• **Exercise requirements**: Every record below should be transcribed exactly. Omit the images.
══════════════════════════════
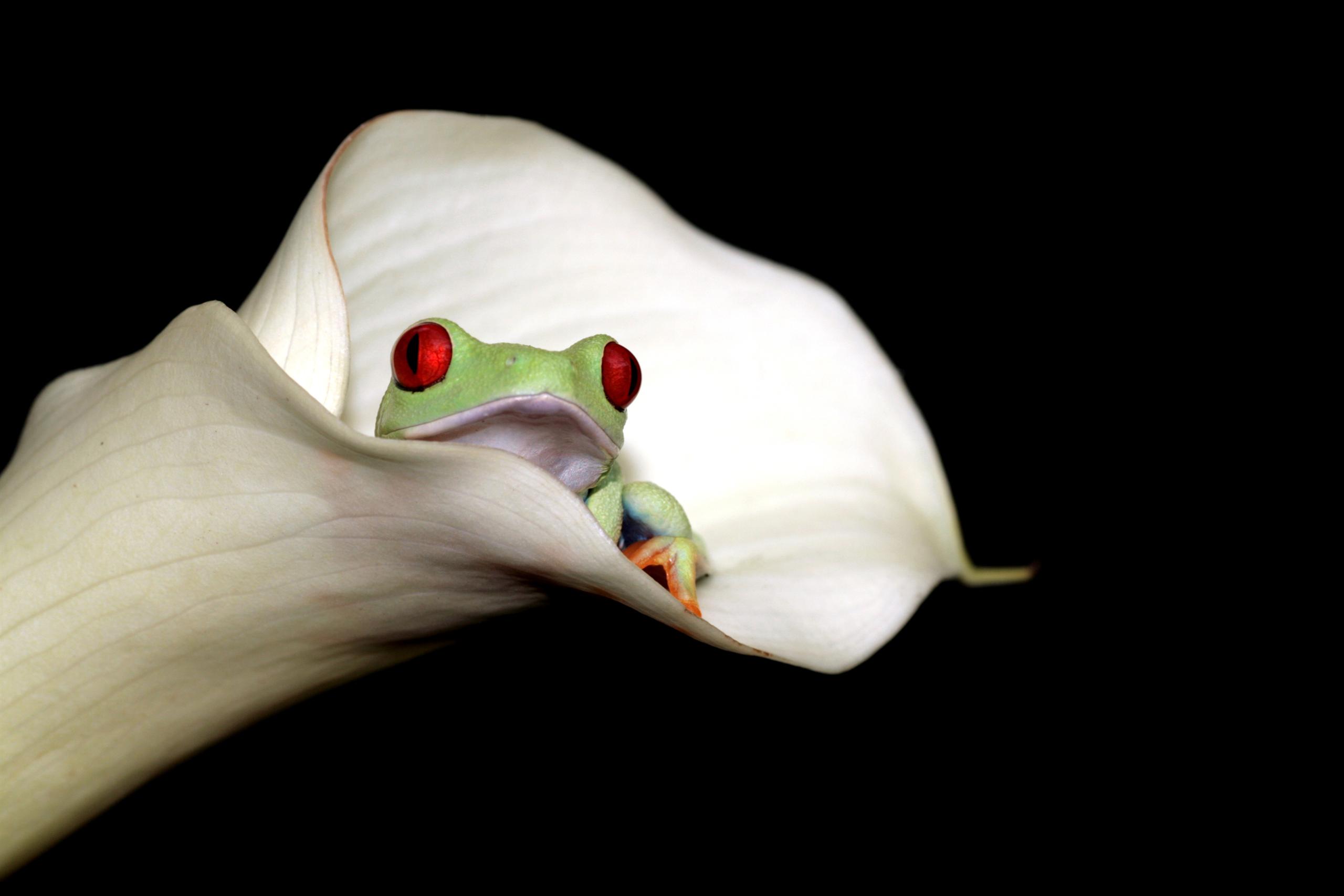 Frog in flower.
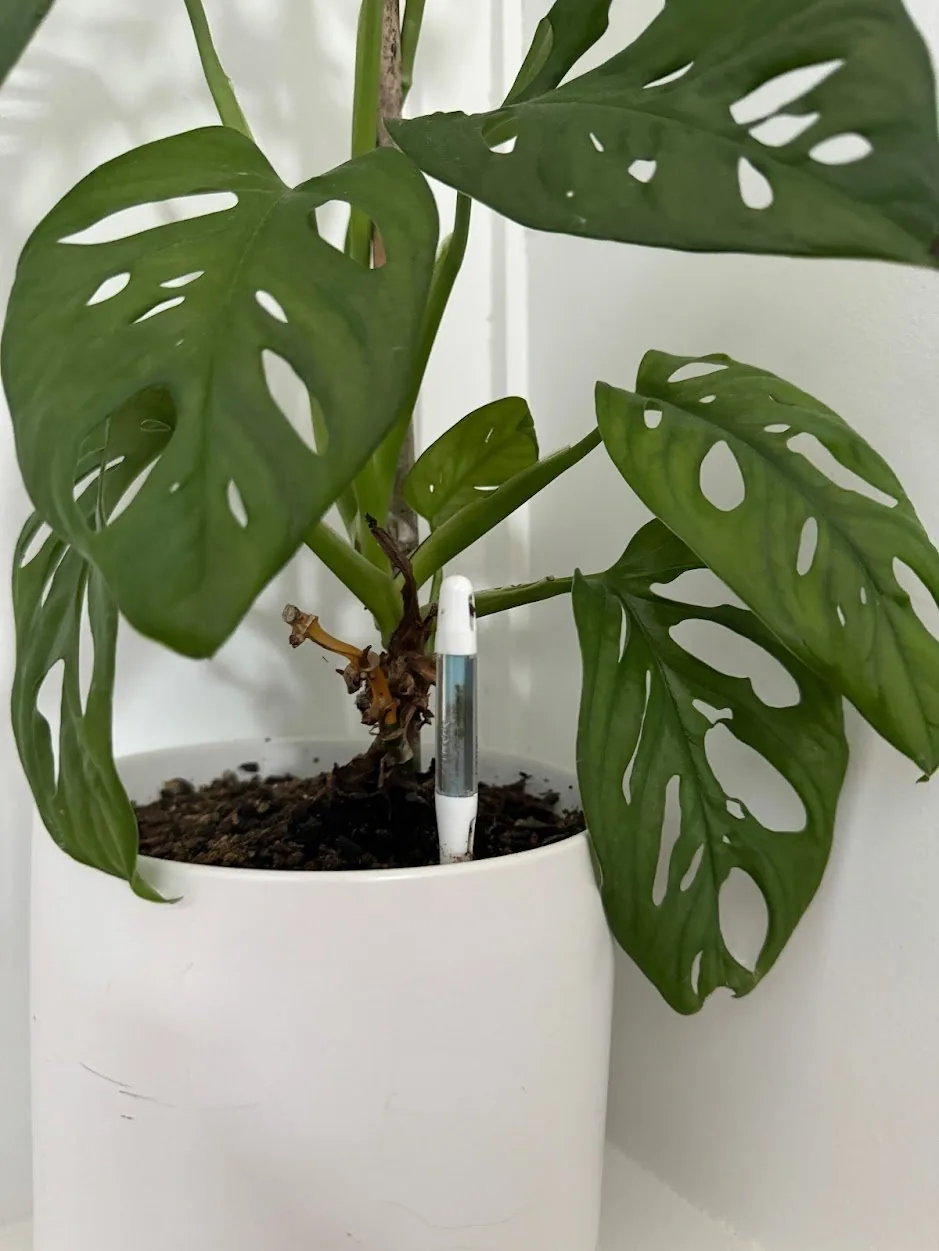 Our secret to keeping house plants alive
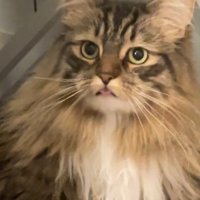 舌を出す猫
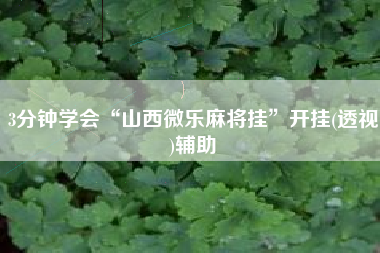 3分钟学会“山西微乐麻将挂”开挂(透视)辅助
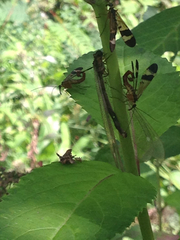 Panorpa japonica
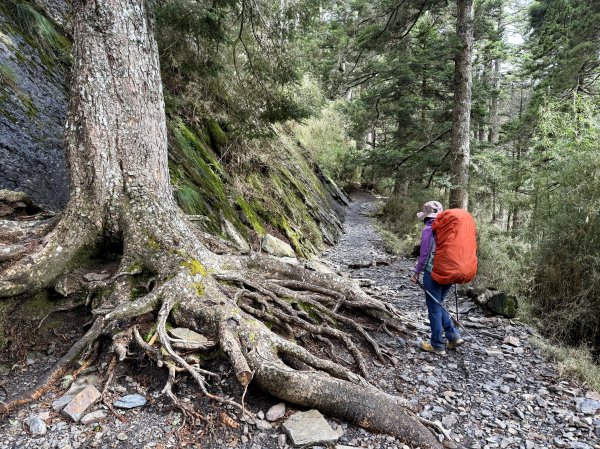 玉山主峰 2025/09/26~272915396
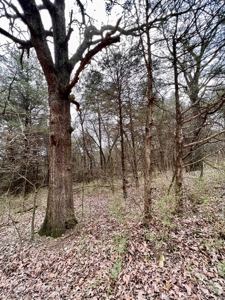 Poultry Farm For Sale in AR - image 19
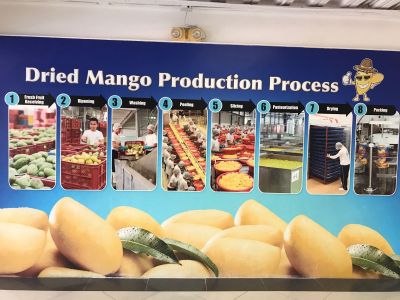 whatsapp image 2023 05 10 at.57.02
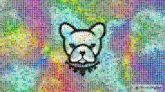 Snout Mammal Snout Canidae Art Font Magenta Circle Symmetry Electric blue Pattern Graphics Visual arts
══════════════════════════════
• **Result of the exercise**:
 Frog in flower.
 Our secret to keeping house plants alive
 舌を出す猫
 3分钟学会“山西微乐麻将挂”开挂(透视)辅助
 Panorpa japonica
 玉山主峰 2025/09/26~272915396
 Poultry Farm For Sale in AR - image 19
 whatsapp image 2023 05 10 at.57.02
 Snout Mammal Snout Canidae Art Font Magenta Circle Symmetry Electric blue Pattern Graphics Visual arts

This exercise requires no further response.